More than once, this column has urged “green” builders to sell their homes as energy-efficient, not as environmentally correct. The reason? Environmentalism is a political movement that cannot claim majority support. So when you start talking things like sustainability and carbon footprints, you risk alienating those who are not environmentalists. When you talk energy efficiency, however, you get through to a clear majority.

Then, this was only my opinion. Now, Shelton Group, a Knoxville, Tenn., ad agency, which counts companies such as BP Solar, Cree LED Lighting, and South Carolina Electric & Gas among its clients, is out with a national survey called “Green Living Pulse” that says pretty much the same thing. It employed a sample of more than 1,000 U.S. consumers taken from an even larger survey called EarthSense, which polls more than 30,000 consumers on environmental issues. And it probed deeply into opinions and demographics on a range of products and behaviors.

Perhaps the most startling finding is that although a majority (77 percent) said it at least occasionally buys “green” products, “the environment is not their top concern, their kids are not influencing them to be green, and while many know what they should do to save the planet, they often don't do it.”

“Most green advertising is created as if there's one pool of green consumers, and they're all motivated by ‘save the planet' messaging,” says Suzanne Shelton, CEO of the agency. “Not all green consumers are the same.”

Almost three-quarters of survey respondents—72 percent—said they were interested in owning or renting an energy-efficient home, while only 47 percent said they were interested in a “green” home. When asked the most important reason to reduce energy consumption, 73 percent chose “to reduce my bills/control costs;” only 26 percent chose “to lessen my impact on the environment.” A caveat on that last point, however: The “control costs” message did not resonate among those with the strongest green attitudes and behavior. It instead alienated them. On the other hand, one respondent commented, “A green home is what a vegan would live in. An energy-efficient home is where I'd like to live.”

What this means is that one message does not fit all. Yet many home builders have slapped the green, earth-friendly label on everything they can. “That's how they're trying to mass-market the stuff, and they're wrong,” Shelton says. The phrase “‘Energy Efficient and More' is the best way to do it.”

That phrase will not alienate either the greenest or the least green among home buyers. Plus, it does not telegraph high cost. The survey found price a big stumbling block to green marketing. When asked if they agreed with the statement “green homes cost more,” agreement increased with both education and income (66 percent of college grads agreed, as did 75 percent with incomes more than $100,000. “With a house … builders are actually slapping a label on it: ‘Buy my really expensive green house.'”

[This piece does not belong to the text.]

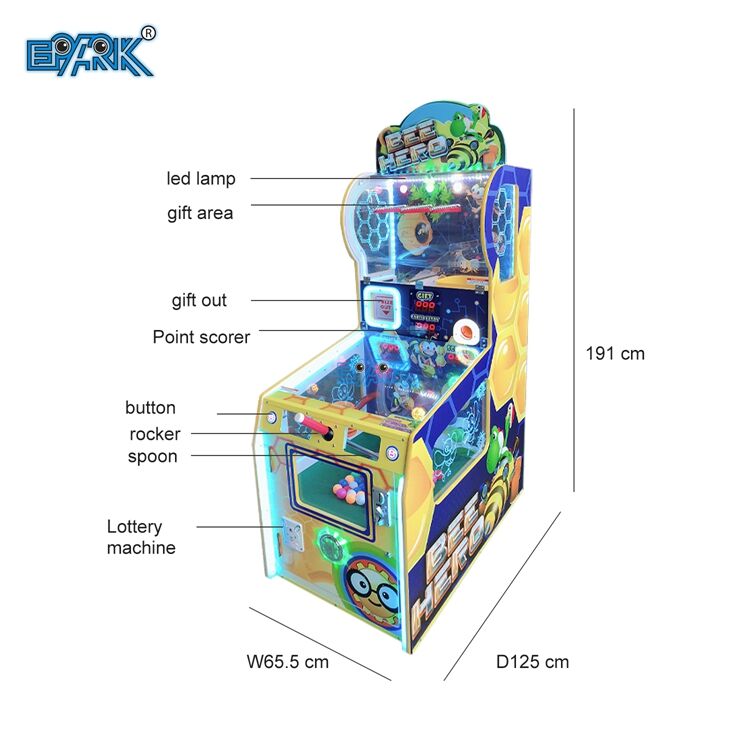Ticket Redemption Arcade Game Bee Hero Coin Operated Game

Consumer interest in green homes was higher among the highly educated (59 percent of grad school graduates vs. 36 percent of those with high school or less and 47 percent overall). Interest among those with incomes of $35,000 to $49,999 (54 percent) and those with incomes more than $100,000 (55 percent) was significantly higher than those with incomes of less than $35,000 (43 percent) or $50,000 to $74,999 (41 percent).

Shelton says the most important action a home builder can take in this market is to train the sales staff. “They should know the different segments of the home-buying population, the demographics, the psychographics. They need to be able to size up their customer quickly and [determine] which script to tee up depending on which customer is in front of you.”